In a new report, Human Rights Watch said Thai authorities repeatedly violated international law by expelling the dissidents, many of whom were registered with the United Nations as refugees and were awaiting resettlement in third countries.
The report, titled “We Thought We Were Safe,” analyzed 25 cases that took place in Thailand between 2014 and 2023.
Many of the cases involved the forcible repatriation of Cambodians, with the suspected involvement of Cambodian security personnel. But the group also listed cases where dissidents from Vietnam, Laos and China were “tracked down and abducted,” or “forcibly disappeared or killed.”

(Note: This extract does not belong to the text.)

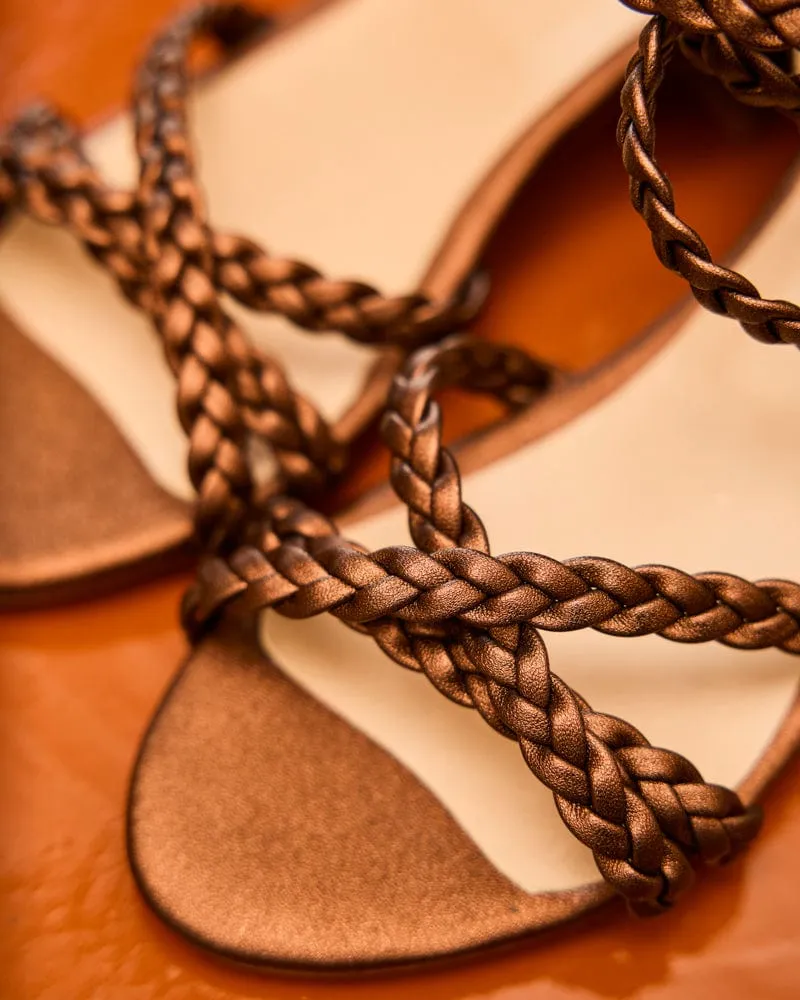Sandales compensées vegan recyclées Yselis | Bronze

The report said that in return for tracking down and returning the dissidents, the Thai government received cooperation from Laos, Cambodia and Vietnam to spy on Thai dissidents who had fled their own homeland to escape political repression.
Human Rights Watch called this a quid-pro-quo form of transnational repression “in which foreign dissidents are effectively traded for critics of the Thai government living abroad."

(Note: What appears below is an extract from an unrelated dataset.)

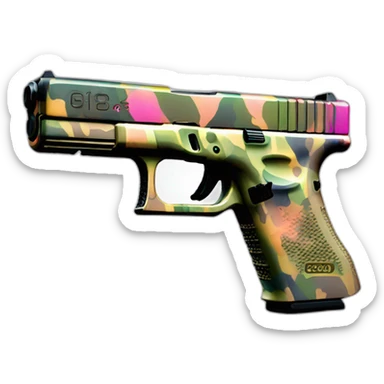 Glock 18 Heavily customized With colorful camo sticker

The group said such arrangements, informally known as “swap mart," became increasingly frequent after the Thai army staged a coup in 2014 ousting an elected government. Military and military-backed rule lasted 10 years, until an elected civilian government led by Prime Minister Srettha Thavisin took office last year.
“The Srettha administration should launch an investigation into these allegations of harassment, surveillance and forced returns of asylum seekers and refugees in Thailand. It should investigate the disappearance of Thai anti-junta activists in other Southeast Asian countries," Elaine Pearson, director of Human Rights Watch’s Asia Division, told The Associated Press.

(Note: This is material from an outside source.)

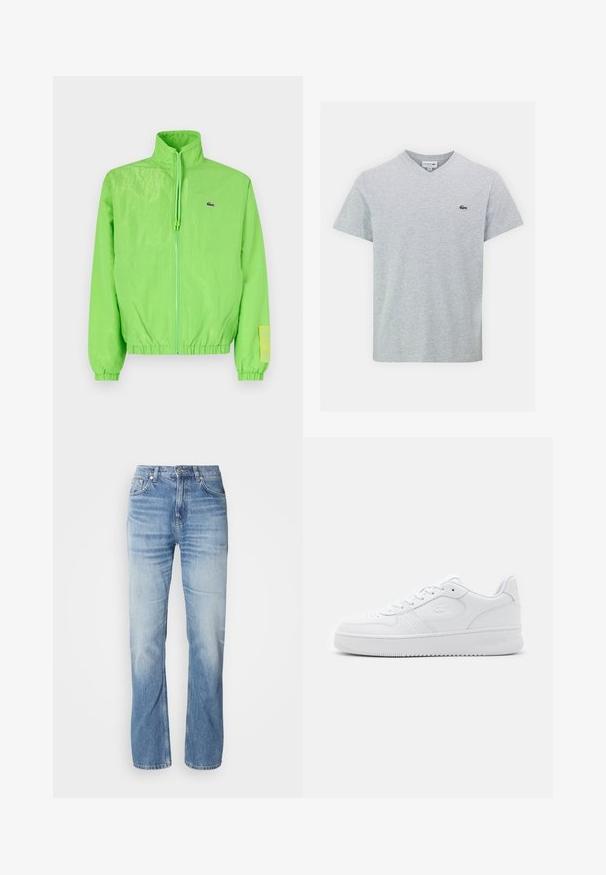 Veste coupe-vent verte avec un col montant, fermeture éclair à l'avant, poignets élastiques et ourlet. Présente un petit logo et un accent en étiquette sur la manche.; T-shirt gris en V fabriqué dans un matériau doux. Il a des manches courtes et un petit logo Lacoste vert sur la poitrine gauche. Design simple.; Jean en denim bleu clair avec une coupe droite, finition délavée, cinq poches et une fermeture à bouton. Design classique et épaisseur moyenne.; Baskets en cuir blanc avec une boîte à orteils perforée, des lacets plats et un col rembourré. Présente un logo en relief sur le côté et une semelle en caoutchouc texturée.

"I think there is an opportunity to end this practice and for the Srettha administration to show it is different from the previous military-led government," she added.
She noted that the Thai government is currently seeking a seat on the U.N. Human Rights Council “and that comes with responsibilities to protect human rights.”
The report cited nine cases of Thai activists in Laos and Cambodia who disappeared or were killed in mysterious circumstances. It said most of the reported cases have not been resolved or seen anyone prosecuted.
The mutilated bodies of two missing activists were found in late 2018 floating in the Mekong River. In 2020, a young Thai activist, Wanchalearm Satsaksit, was snatched off the street in the Cambodian capital Phnom Penh and never heard from again.
Thai authorities have repeatedly denied any connection with such events.
Dr. Francesca Lessa, an associate professor in International Relations at University College London, said there were some parallels with the way autocratic leaders in Latin America made agreements to work together to eliminate political opponents on each other's soil in the late 1970s to 1980s.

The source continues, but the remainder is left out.